Kate Mackintosh, Olivia Swaak-Goldman, Grant Dawson and Gaspard van der Woude, Wildlife Crime: Testing the Waters for Ecocide.

Wildlife crime – broadly understood as killing and/or trafficking in endangered species – is out of control. In 2017, Hong Kong authorities made what was then the world’s largest ivory seizure, of around 7.2 tonnes. Two years later, in 2019, this record was exceeded three times in the space of three months, with the largest seizure reaching 9.1 tonnes. It can be estimated that over 900 elephants were killed for this last seizure alone. Many of the targeted species are expected to become extinct in the wild in the coming years: the Intergovernmental Science-Policy Platform on Biodiversity and Ecosystem Services has warned that one million species are facing extinction in the next decades. The loss of a species disrupts the delicate balance of the entire ecosystem, and the threat to the stability of ecosystems has never been this pressing. As the world is negotiating the post-2020 global biodiversity framework, with one of the key objectives of protecting 30% of land and sea areas, matters pertaining to the effective protection of these areas and the species they host will only become more relevant.

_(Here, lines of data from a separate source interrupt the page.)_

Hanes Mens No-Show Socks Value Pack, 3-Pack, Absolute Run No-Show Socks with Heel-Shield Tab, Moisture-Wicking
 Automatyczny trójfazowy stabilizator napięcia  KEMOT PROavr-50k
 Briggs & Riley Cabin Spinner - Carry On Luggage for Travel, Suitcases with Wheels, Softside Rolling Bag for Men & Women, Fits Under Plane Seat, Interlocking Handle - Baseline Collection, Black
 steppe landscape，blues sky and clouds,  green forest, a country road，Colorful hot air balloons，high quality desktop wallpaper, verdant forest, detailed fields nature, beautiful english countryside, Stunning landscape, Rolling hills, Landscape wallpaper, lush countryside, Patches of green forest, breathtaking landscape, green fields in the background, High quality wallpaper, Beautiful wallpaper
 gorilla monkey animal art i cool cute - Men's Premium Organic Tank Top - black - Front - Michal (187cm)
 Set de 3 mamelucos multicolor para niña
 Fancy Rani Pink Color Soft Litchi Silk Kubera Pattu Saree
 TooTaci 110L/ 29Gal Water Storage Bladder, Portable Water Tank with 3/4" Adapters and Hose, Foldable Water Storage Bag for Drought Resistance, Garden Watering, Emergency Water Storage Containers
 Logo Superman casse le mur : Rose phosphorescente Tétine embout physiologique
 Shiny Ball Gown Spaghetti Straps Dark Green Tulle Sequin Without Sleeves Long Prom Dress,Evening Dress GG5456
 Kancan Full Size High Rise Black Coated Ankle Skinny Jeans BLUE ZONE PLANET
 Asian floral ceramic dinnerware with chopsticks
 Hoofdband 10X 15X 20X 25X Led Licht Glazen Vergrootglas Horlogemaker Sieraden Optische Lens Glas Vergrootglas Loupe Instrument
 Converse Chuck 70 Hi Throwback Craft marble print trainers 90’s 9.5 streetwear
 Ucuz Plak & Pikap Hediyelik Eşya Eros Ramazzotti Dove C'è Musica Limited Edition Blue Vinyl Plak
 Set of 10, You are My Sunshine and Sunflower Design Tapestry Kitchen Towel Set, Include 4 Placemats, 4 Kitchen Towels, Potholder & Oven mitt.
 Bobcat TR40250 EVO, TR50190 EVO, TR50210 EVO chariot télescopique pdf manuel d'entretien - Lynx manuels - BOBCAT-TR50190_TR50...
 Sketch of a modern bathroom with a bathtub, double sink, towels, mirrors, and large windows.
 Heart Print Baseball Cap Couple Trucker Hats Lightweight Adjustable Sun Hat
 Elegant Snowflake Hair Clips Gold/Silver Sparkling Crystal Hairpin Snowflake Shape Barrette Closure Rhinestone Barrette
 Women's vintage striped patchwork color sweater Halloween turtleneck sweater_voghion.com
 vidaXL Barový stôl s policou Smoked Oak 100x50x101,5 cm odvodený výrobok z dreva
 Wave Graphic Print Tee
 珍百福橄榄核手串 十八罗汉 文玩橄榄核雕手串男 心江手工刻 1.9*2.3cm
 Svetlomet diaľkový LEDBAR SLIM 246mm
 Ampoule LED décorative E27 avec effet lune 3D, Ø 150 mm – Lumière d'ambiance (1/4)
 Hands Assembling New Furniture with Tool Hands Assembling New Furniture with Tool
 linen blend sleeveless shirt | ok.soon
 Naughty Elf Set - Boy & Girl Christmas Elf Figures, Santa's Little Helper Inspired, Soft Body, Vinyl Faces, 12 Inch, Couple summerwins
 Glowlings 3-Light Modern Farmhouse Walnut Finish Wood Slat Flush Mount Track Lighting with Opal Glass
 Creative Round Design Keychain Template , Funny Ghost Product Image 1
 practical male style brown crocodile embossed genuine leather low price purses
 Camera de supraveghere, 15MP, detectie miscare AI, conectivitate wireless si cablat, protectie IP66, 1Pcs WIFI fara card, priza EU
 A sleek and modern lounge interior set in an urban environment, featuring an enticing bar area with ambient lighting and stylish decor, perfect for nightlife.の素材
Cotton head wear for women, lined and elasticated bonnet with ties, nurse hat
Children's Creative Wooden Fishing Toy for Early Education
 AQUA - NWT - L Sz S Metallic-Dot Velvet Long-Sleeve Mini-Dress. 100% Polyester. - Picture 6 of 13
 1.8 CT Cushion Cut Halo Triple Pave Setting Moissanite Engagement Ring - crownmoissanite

Proponents of a new international crime of ecocide argue that the destruction of our shared environment presents a threat a least on the scale of the existing international crimes, and should therefore be included in their number. It is widely acknowledged that this threat results from the three interlinked factors of climate change, pollution, and biodiversity loss. The current system for the preservation of biodiversity and endangered species through the prevention of wildlife crime is failing. Lack of resources and jurisdictional constraints often leave domestic law enforcement agencies unable to deal with the transnational criminal networks responsible. In this paper we explore whether the concept of ecocide as an international crime could offer the breakthrough required for wildlife crime to be effectively addressed internationally.